After months of suffering, Beverly Reynolds chose to end her life through physician-assisted death on Jan. 11.

Reynolds had been given no more than a four per cent chance of surviving her cancer, said Pederson.

It was a terrible ordeal for Reynolds, but a difficult one for Pederson, as well. In an effort to cope, Pederson took to writing notes to her friend that she never delivered, wherein she expressed extremely difficult and sometimes guilt-inducing feelings about what her friend’s disease was doing to her.

In an effort to comfort those who are having the same feelings, or at least show them they are not alone, Pederson has published a book of those personal notes called “How Many Times Can You Say Good-bye?”

“It’s some pretty raw reading,” said Pederson.

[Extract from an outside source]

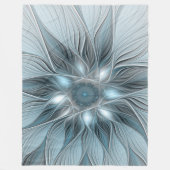 Freude Blume Abstrakt Blue Gray Fraktal Fleecedecke (Vorderseite)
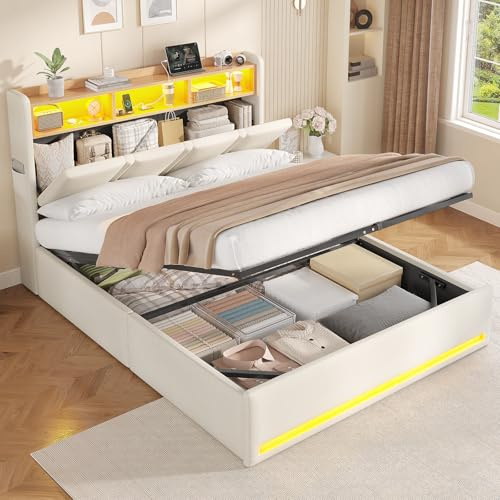 AOGLLATI Canapé 140x200 con Iluminación LED Regulable, Camas Matrimoniales con Cabecero Tapizado y Estación de Recarga, Cama Casal con Espacio de Almacenamiento Debajo, Ahorra Espacio, Beige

“My counsellor was encouraging me to take days off from her cancer, and not think about it. There was also a point when I thought, ‘You know, just die already.’”

That feeling came both from seeing the pain her friend was in, and the effect it had on Pederson.

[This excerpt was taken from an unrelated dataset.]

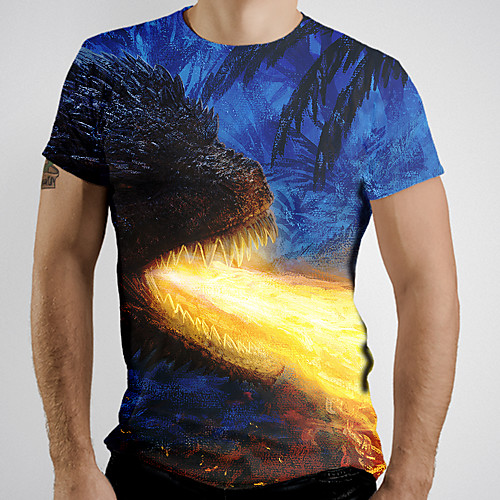 

Men's Graphic Animal Fantastic Beasts Print T-shirt Basic Daily Blue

“Everything was based on, ‘I can’t do this because you might be dying,’” she said. “That’s a horrible way to feel about someone that you love.”

Pederson found she had no outlet for those feelings, and so she turned to writing.

“I was trying to keep it together for my family, but inside I was just feeling like I was dying, too,” she said. “So I had to write something, I had to put something somewhere because I couldn’t say to my 12-year-old daughter ‘I just feel like I’m dying, too.’ I just have to be making dinner.”

So she wrote her notes, about one each week, sometimes more, and often based on something Reynolds had said or something that had happened. “Based on how her chemo was going or if she had hope of living that week,” Pederson said.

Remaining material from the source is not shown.